CURRENT REPORT PURSUANT TO SECTION 13 OR 15(d) OF
THE SECURITIES EXCHANGE ACT OF 1934

Date of report (Date of earliest event reported): October14, 2002

UNIVERSAL SECURITY INSTRUMENTS, INC.

(Exact name of registrant as specified in its charter)

Maryland                               0-7885                    52-0898545
(State or Other Jurisdiction   (Commission File Number)        (IRS Employer
of Incorporation)                                            Identification No.)


7-A Gwynns Mill Court, Owings Mills, Maryland 21117
(Address of Principal Executive Offices)

Registrant's telephone number, including area code: (410) 363-3000

Inapplicable
(Former Name or Former Address if Changed Since Last Report)



INFORMATION TO BE INCLUDED IN THE REPORT

Item 5. Other Events.

On October 14, 2002, Universal Security Instruments, Inc. (the "Company"), by resolution of its board of directors, elected to be subject to certain of the provisions of Title 3, Subtitle 8 of the Maryland General Corporation Law.

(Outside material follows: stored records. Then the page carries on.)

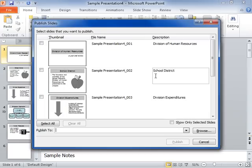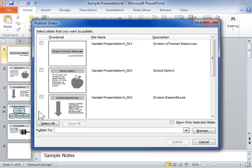Select the checkboxes of the slides to be published. Click Select All or Clear All to select or deselect all of the slides.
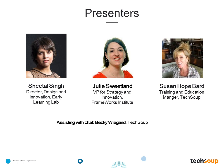I'm Susan Hope Bard here at TechSoup. Also on the back end is Becky Wiegand. She is our webinar program manager, and she will be assisting with chat in the back end. Please don't hesitate to ask any questions or if you're having any difficulties with the technology.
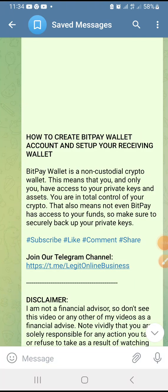Hello guys, welcome. My name is CJ Manuel. In this video I'm going to show you how to create a BitPay wallet account and set up your receiving wallets. BitPay is a non-custodial crypto wallet, and this means that you and you only have access to your private keys and assets.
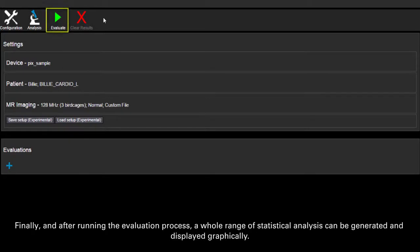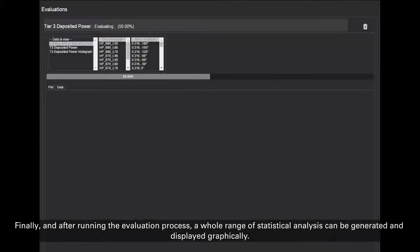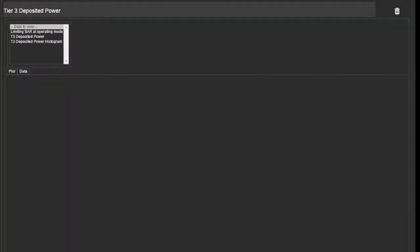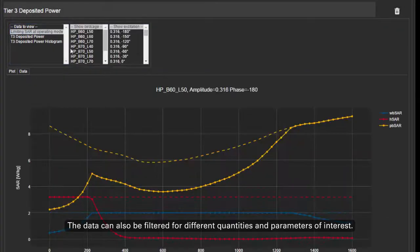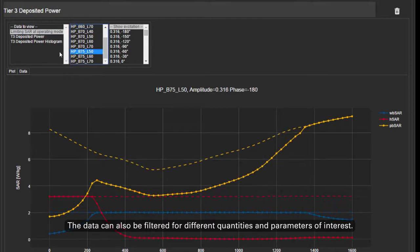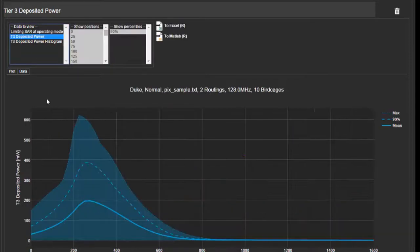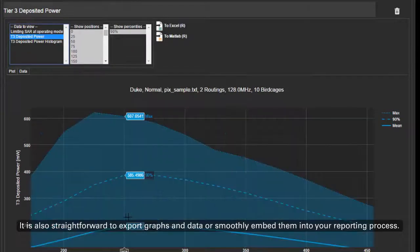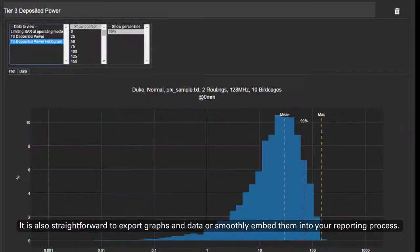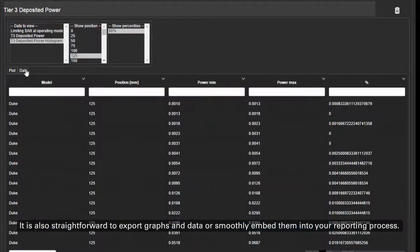Finally, and after running the evaluation process, a whole range of statistical analysis can be generated and displayed graphically. The data can also be filtered for different quantities and parameters of interest. It is also straightforward to export graphs and data or smoothly embed them into your reporting process.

Accordingly, notwithstanding any provision in the Articles of Incorporation or Bylaws of the Company:

1. The directors of the Company are divided into three classes to serve as Class I directors, Class II directors and Class III directors. The term of office of the Class I directors shall continue until the first annual meeting of the stockholders of the Company to be held after the date hereof and until their successors are elected and qualify. The term of office of the Class II directors shall continue until the second annual meeting of the stockholders of the Company to be held after the date hereof and until their successors are elected and qualify. The term of office of the Class III directors shall continue until the third annual meeting of the stockholders to be held after the date hereof and until their successors are elected and qualify. Thereafter, at each annual meeting of the stockholders, the successors to the class of directors whose term expires at such meeting shall be elected to hold office for a term expiring at the annual meeting of stockholders held in the third year following the year of their election and until their successors are duly elected and qualify.

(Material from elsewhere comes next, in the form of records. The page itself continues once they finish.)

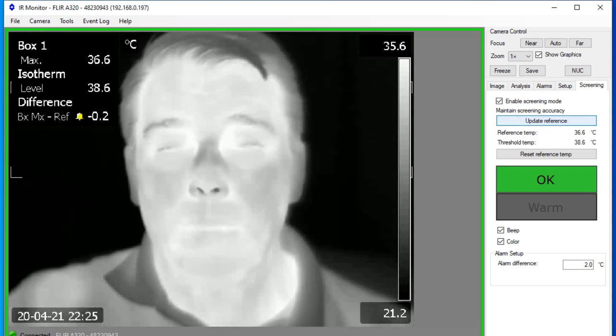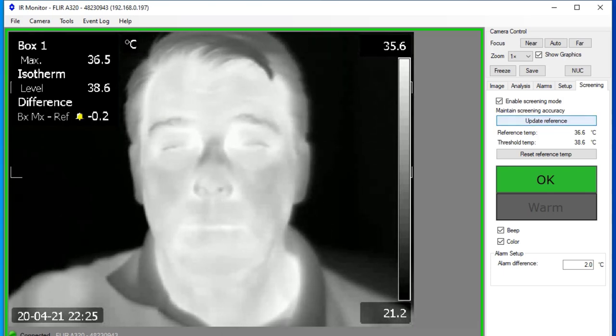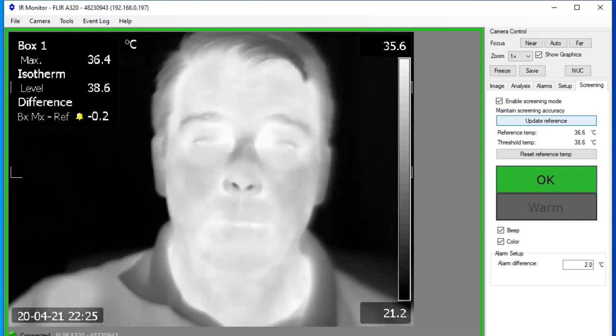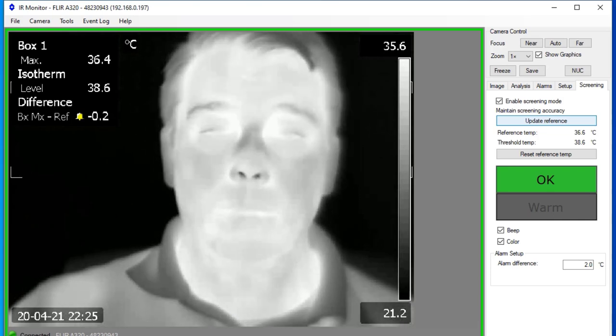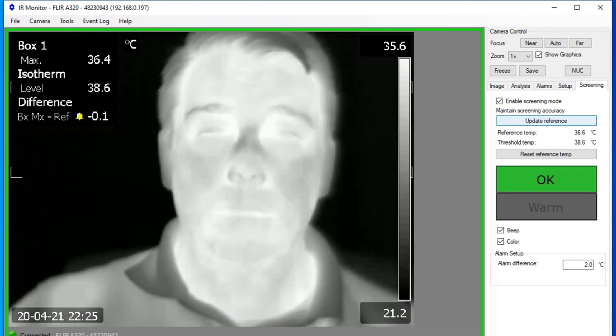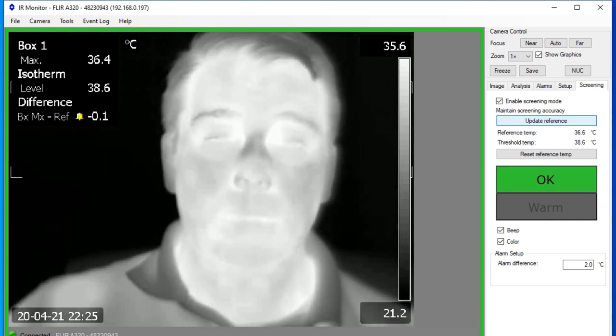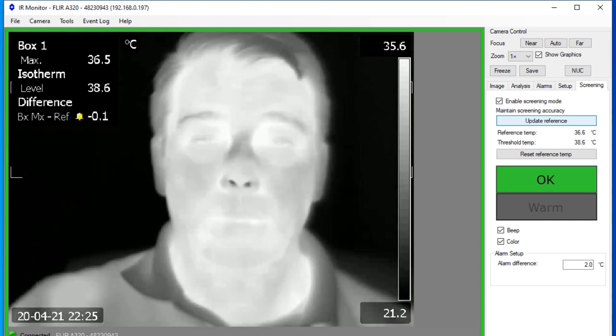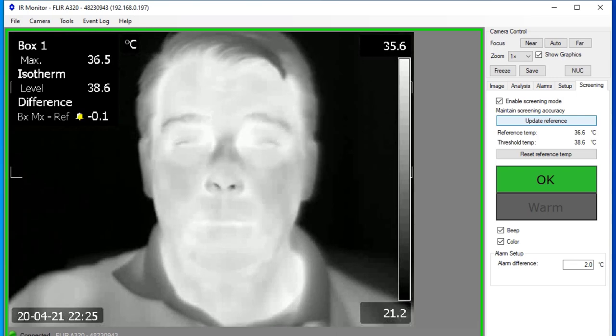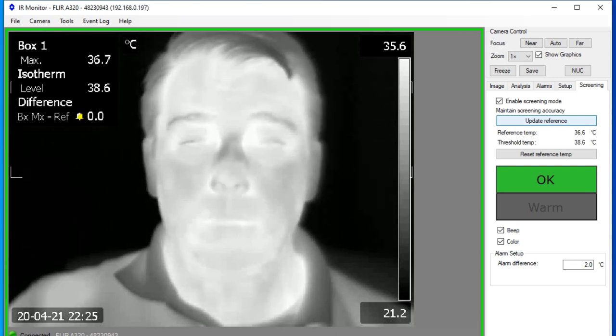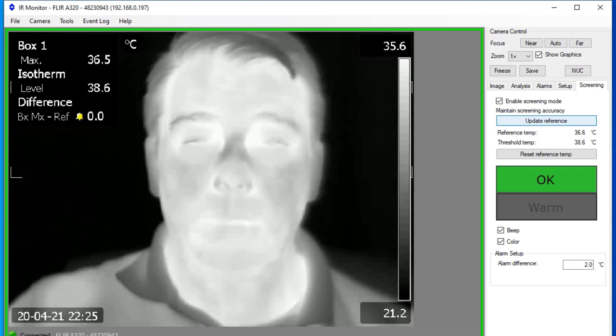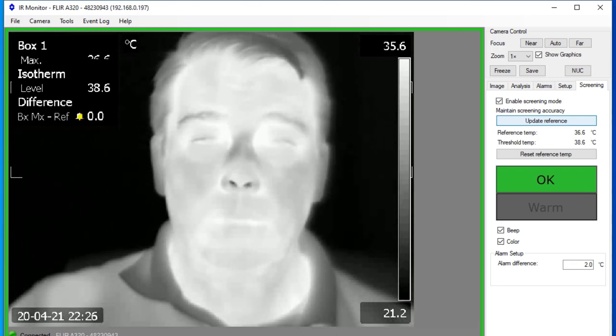For that, you take 10 individuals with a known good body temperature, present the individuals to the camera, snap their images, and build a population baseline by pressing the Update Reference button. And then you're ready to screen.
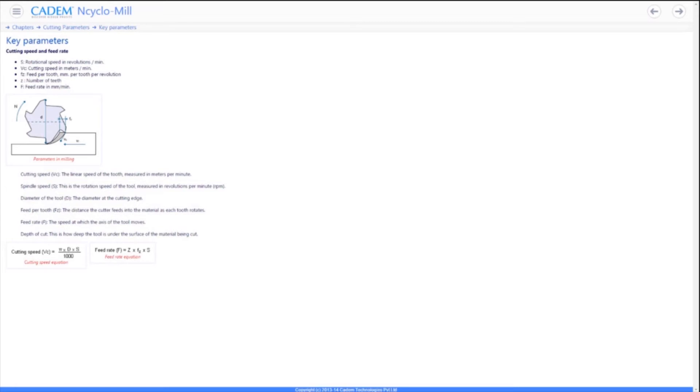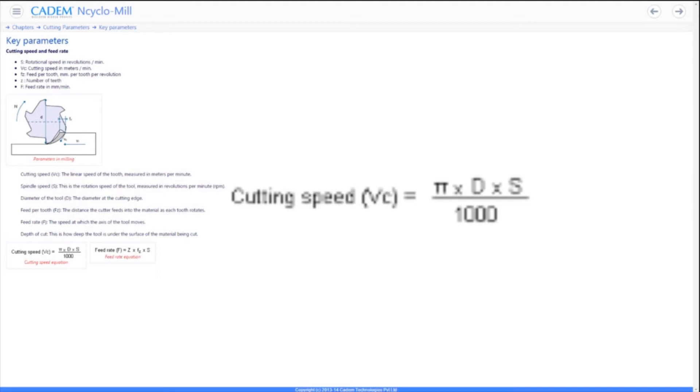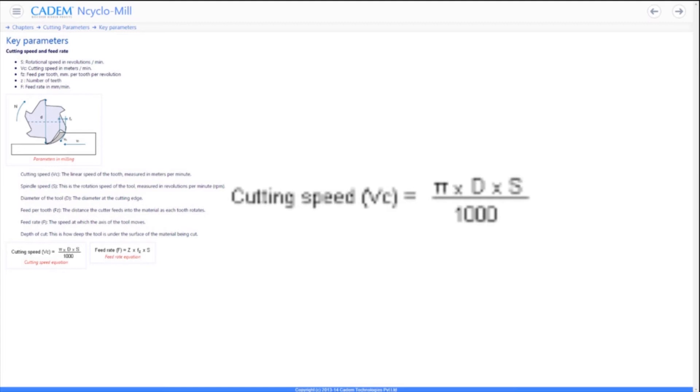The cutting speed is the linear speed of the tool relative to the part. It is not the same as the spindle speed. The cutting speed is a linear distance measured in meters per minute while the spindle speed is measured in revolutions per minute. The cutting speed is directly proportional to the RPM and the diameter of the tool. The larger the diameter, the higher the cutting speed at the same RPM.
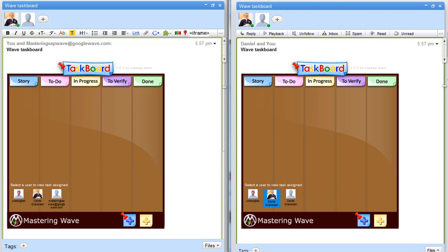Hi. Today I'm really pleased to show off a new gadget we have created in Mastering Wave.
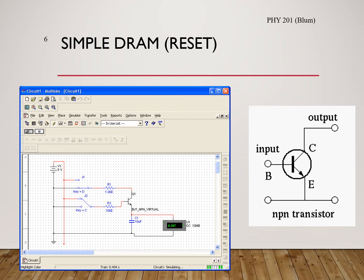The C input connected to the base controls whether the transistor is on or off — on gives low resistance, off gives high resistance. We are now showing the DRAM in its reset setting. The C input is high, so the transistor is on and its resistance is low. The D input is low, so the capacitor wants to discharge because it is connected to lows on both sides: D is low and the other side is connected to ground. With the transistor resistance effectively low, it wants to discharge and it can — so it is resetting, forcing the capacitor to a low. That is a reset.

2. The stockholders of the Company may remove any director only by the affirmative vote of at least two-thirds of all the votes entitled to be cast by the stockholders generally in the election of directors.

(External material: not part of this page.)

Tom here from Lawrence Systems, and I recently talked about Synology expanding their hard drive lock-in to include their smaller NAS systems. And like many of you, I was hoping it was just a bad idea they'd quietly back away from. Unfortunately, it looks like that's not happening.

3. Each vacancy on the Company's board of directors that results from an increase in the size of the board of directors or the death, resignation or removal of a director may be filled only by the affirmative vote of a majority of the remaining directors in office, even if the remaining directors do not constitute a quorum. Any director elected to fill a vacancy shall hold office for the remainder of the full term of the directorship in which the vacancy occurred and until a successor is elected and qualifies.

Item 7. Financial Statements, Pro Forma Financial Information and Exhibits.

(c) Exhibits

The following exhibits are filed herewith:

Exhibit No.

3.1 Articles Supplementary, filed with the State Department of Assessments and Taxation of Maryland on October 14, 2002

1

SIGNATURES

Pursuant to the requirements of the Securities Exchange Act of 1934, the Registrant has duly caused this report to be signed on its behalf by the undersigned thereunto duly authorized.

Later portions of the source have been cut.